I got my seeds today!

Seeds … tiny little pieces of life, stored until spring arrives to awaken them.

It is this miraculous life that makes them so attractive to gardeners, especially after a long, cold winter. Each seed has its own set of requirements hardwired in them. It is up to the gardener to provide those requirements so the seed will germinate.

Some need warm, moist soil – but not all. Pea seeds need to have a zero-degree temperature in order to germinate. That is why they seem perfect to grow in the Yukon. In fact, you could brush aside the snow in early spring and put the pea seed in the ground and it will grow.

Other seeds can also be planted, even while there is the danger of frosts. Most root crops, leafy greens and brassicas are able to withstand the early frosts.

If the seed package says to plant as soon as the soil can be worked, don’t wait until the last frost date in June. We have such a short season here that every day and week counts. If the soil can be worked, be it late April or early May, then the seed should be planted.

Every year is different. Some years I have been able to plant as early as the last week in April, and the garden did well. However, some plants, no matter how early we plant, don’t seem to have enough time.

Parsnips are one of those.

In 2007, I decided to try planting parsnips and garlic in the fall. The following spring I very eagerly waited to see if anything would emerge.

I was not disappointed.

The parsnips had not only survived the winter under the snow, but they were also sprouting before the garden was dry enough to work. Needless to say, they were a success. The garlic on the other hand … well, there was no sign of them anywhere.

When a plant is acclimatized to an area, it will “program” traits, needed to thrive, into the seed it produces. Over time, those new plants will show a hardiness to things that would have greatly affected the parent plants.

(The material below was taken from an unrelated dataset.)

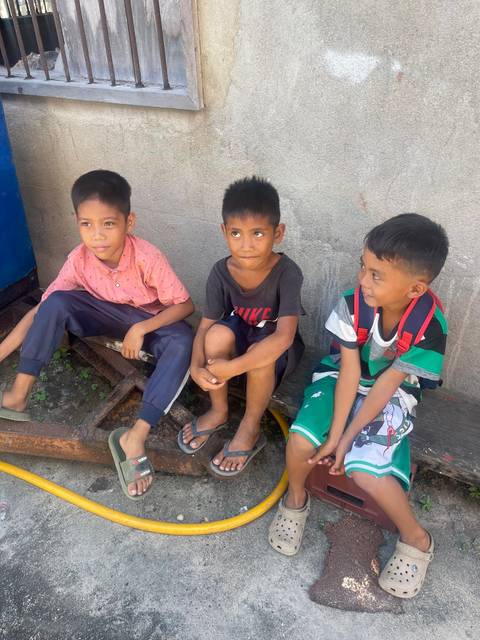 Three children sitting on a sidewalk outdoors.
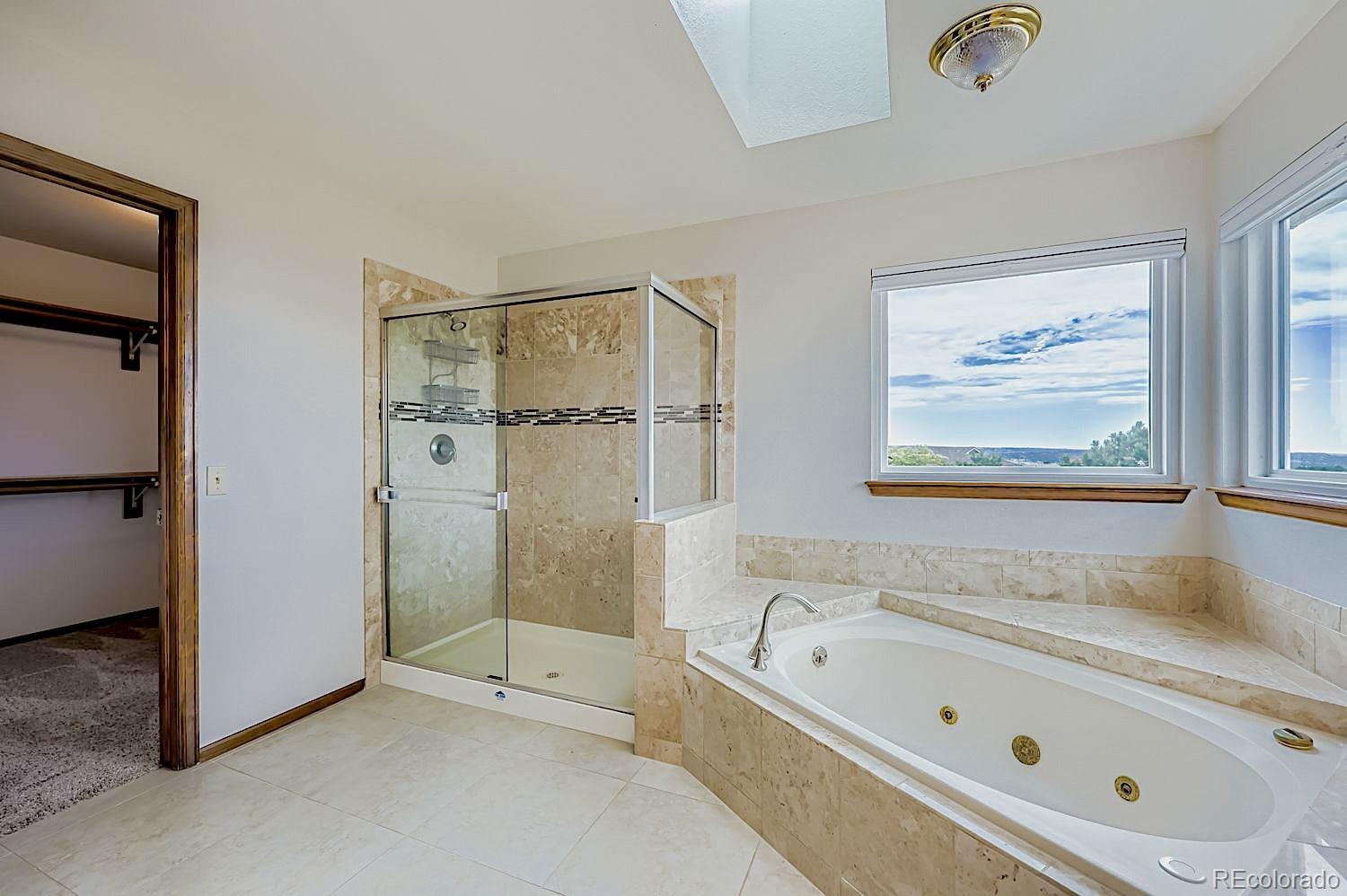 5825 Wilson Road Colorado Springs, CO 80919 - Photo 23 of 50 a bathroom with a tub a sink and a shower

When spinach gets too much sunlight, it starts to bolt, making the leaves less tender and less desirable. Two summers ago, I allowed my spinach plants to go to seed. I wanted to see if they would “volunteer” the next season.

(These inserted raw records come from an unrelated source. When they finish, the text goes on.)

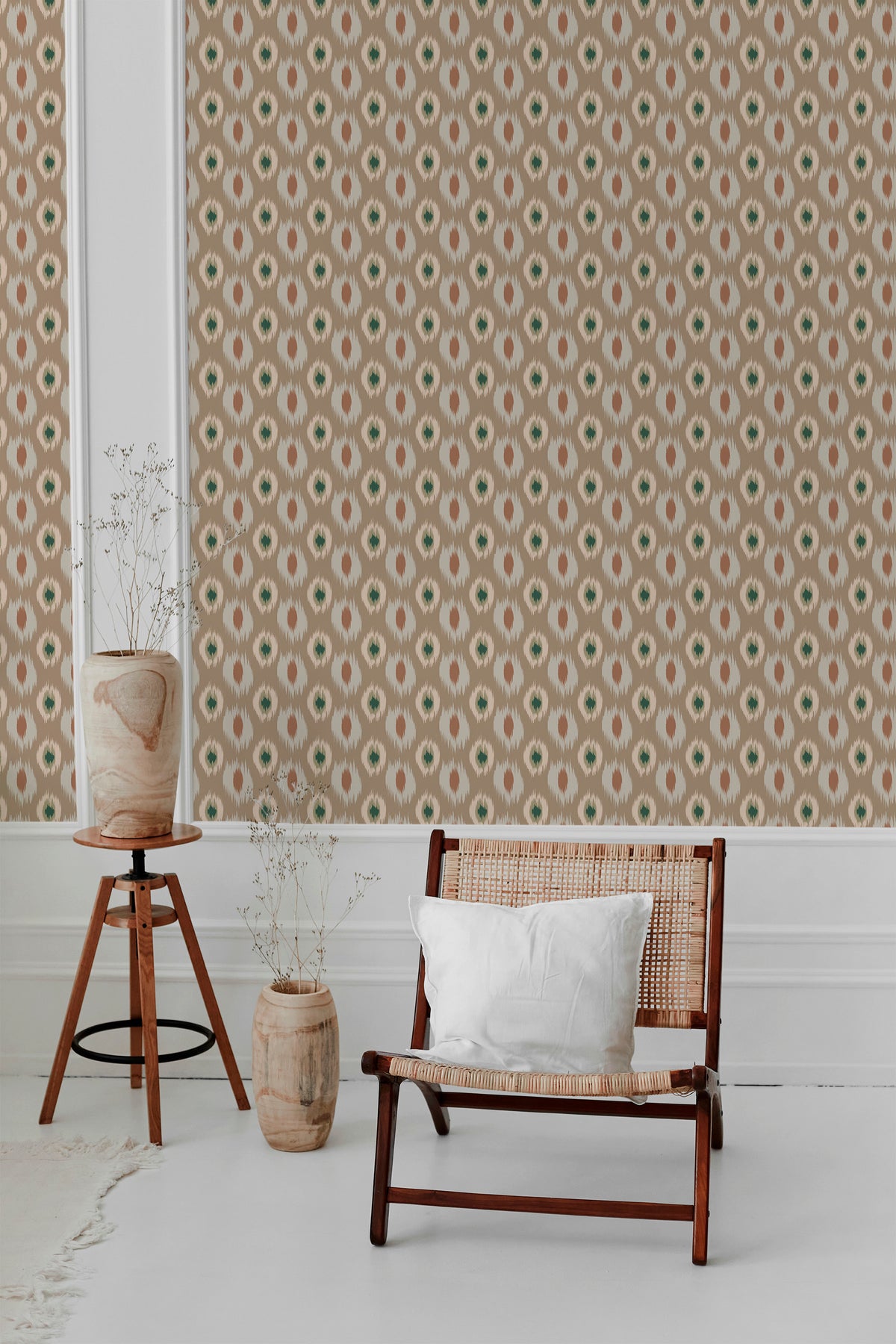 Jagged Ikat Ovals peel-and-stick wallpaper on an interior wall, tan ovals with green centers in a repeat.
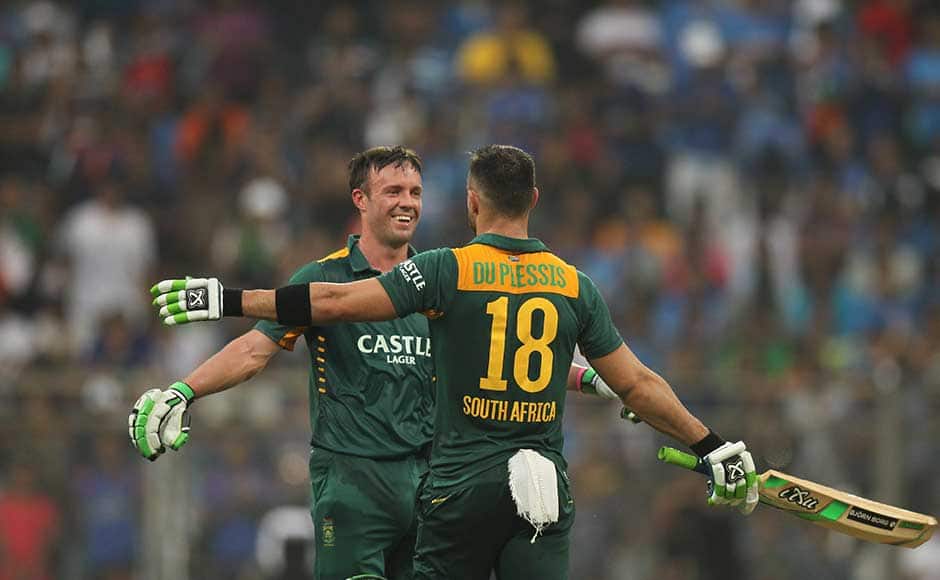 South Africa’s Faf du Plessis, back to camera celebrates his hundred runs with captain A.B. de Villiers, during the final one-day international cricket match of a five-game series against India in Mumbai, India, Sunday, Oct. 25, 2015. (AP Photo/Rafiq Maqbool)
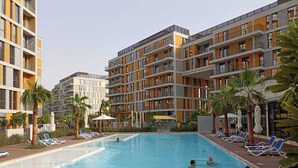 A swimming pool surrounded by lounge chairs and palm trees, with multi-story buildings in the background. - Exquisite 2BR w/ Assistant’s Room at Mesk 1 Midtown Dubai Production City by Deluxe Holiday Homes (Dubai)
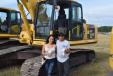 Katherine Rodriguez and Vincent Gomez of American Recycling in Tampa, Fla.,  test operate the Komatsu PC 200 HD. 
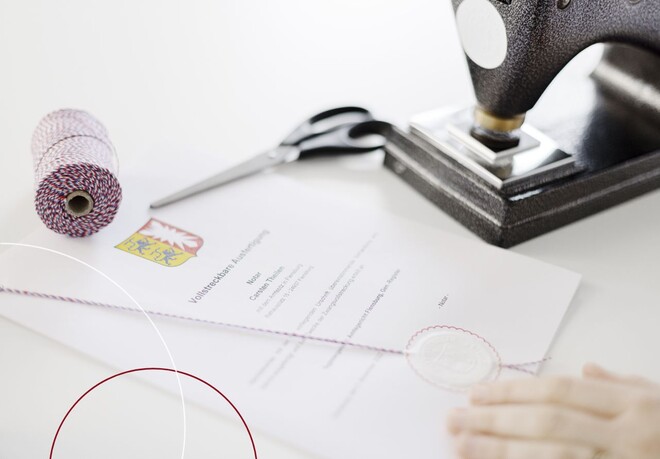 Zu sehen ist ein Gutachten, welches gerade mit einer Prägemaschine geprägt und der offiziellen Schnur versehen wurde.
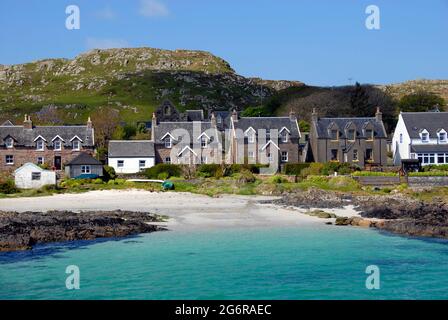 Coastal houses looking towards the short stretch of water between Iona and Mull, Iona, Scotland Stock Photo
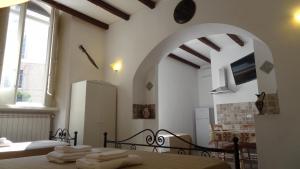 a bedroom with a bed with towels on it at Sparta in Taranto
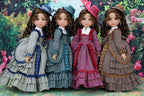 Four dolls in vintage-style dresses with a floral background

When spring came, there didn’t seem to be anything growing where the spinach had been the previous year, so we tilled the garden as usual.

In the process of tilling, we inadvertently dragged those spinach seeds all over the garden. They germinated and we had spinach growing everywhere. The interesting thing of it was, this spinach didn’t bolt as quickly as spinach planted from fresh seed, meaning that this seed was more able to withstand the longer days that we have.

I have allowed this spinach to go to seed again. I am hoping to be able to get a spinach plant that will be able to produce without bolting too early or at all.